Wescott’s charges stem from what Commonwealth’s Attorney Spencer Morgan described as an April shootout involving multiple people at a trailer park in the northern part of Accomack County. A man was shot, and he identified Wescott as the man who shot him.
Morgan opposed Wescott’s admission to bail at his May hearing, calling him, “A threat to the community.” Morgan also opposed the bond reduction, saying, “The commonwealth finds the amount appropriate.”
“There are several serious charges,” said Judge W. Revell Lewis III, noting that a person is presumed to be innocent. He ordered the bond to be reduced to $25,000 and said all the other conditions of Wescott’s release including supervision by pre-trial services will continue as previously ordered.
Shauntea Arnez Giddens, 43, of Nassawadox, will spend two years in jail for distribution of cocaine. He entered into a plea agreement with the commonwealth earlier this year. He was sentenced to 10 years in jail with eight of those years suspended and was ordered to be on supervised probation for three years. He is required to be on good behavior for five years or face the time that was suspended.
John Higgens O’Brien III, 32, of Painter, was arraigned for manslaughter, DUI, reckless driving, and failure to maintain lane as a result of a January 9 incident. O’Brien pleaded not guilty to all charges and requested that he be tried in a bench trial. His trial is set for November 10. O’Brien is currently free on bond.
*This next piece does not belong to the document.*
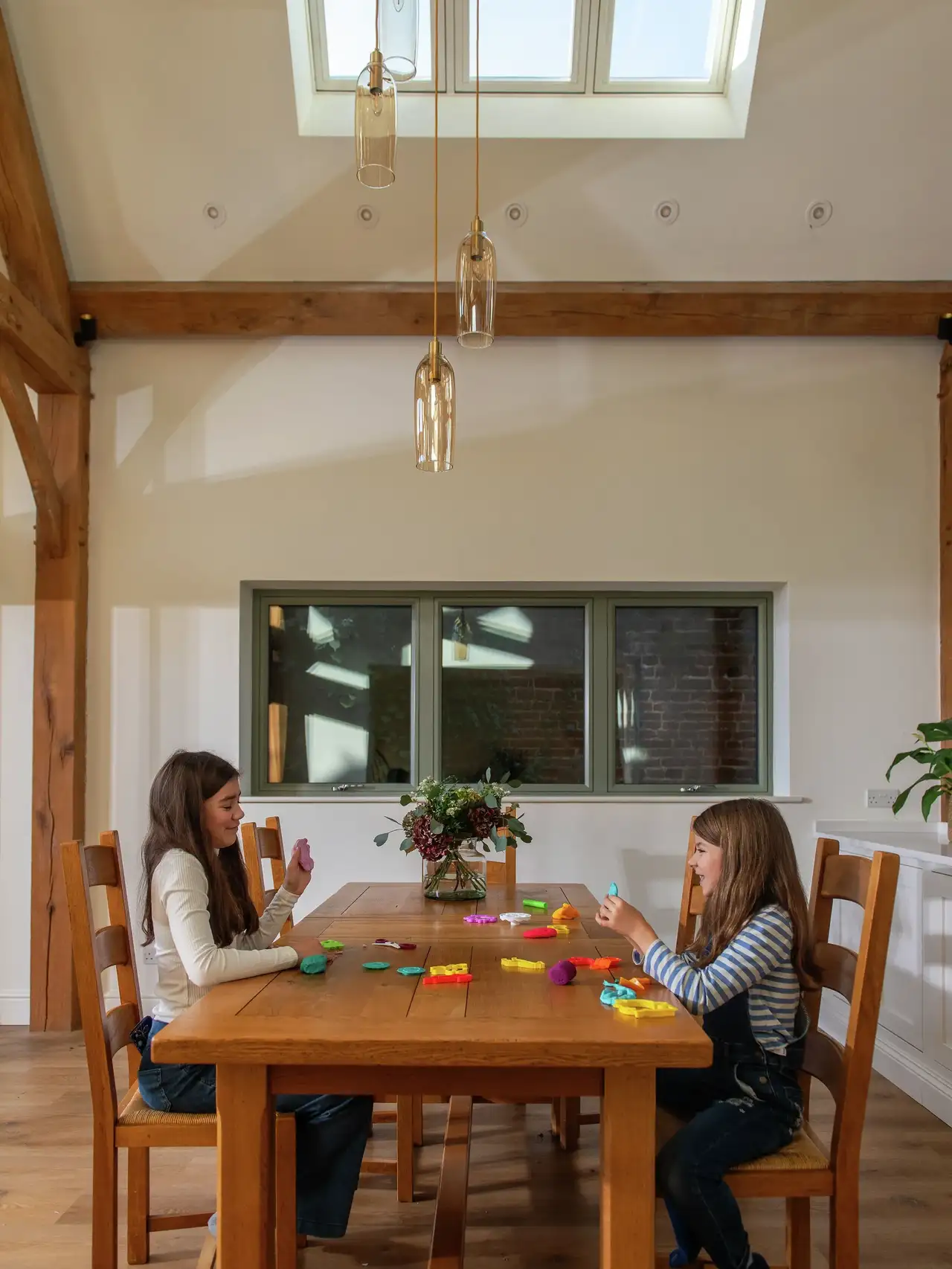 Dining room with wooden table, VELUX roof window and children playing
Natisha T. Creecy, 45, of Pocomoke City, Md., was found guilty of violating the terms of her probation for absconding from supervision. She also has not continued to pay restitution. She owed $11,980 and has only paid a little over $2,000 since her 2017 conviction of embezzling from the New Church Royal Farms where she worked. The embezzlement occurred between April through August 2016. “She took a substantial amount,” said Commonwealth’s Attorney Spencer Morgan. “One to three dollars each time added up over time. It is going to take her some time to pay the restitution.” At the trial, Morgan explained her meth- od. “She stole money three different ways,” he said. “She scanned items, totaled the amount, voided the transactions, and pocketed the cash. She said she also used a refund scam where she used receipts left by customers and removed the cash from the register later.” He said she also failed to ring up merchandise for some customers.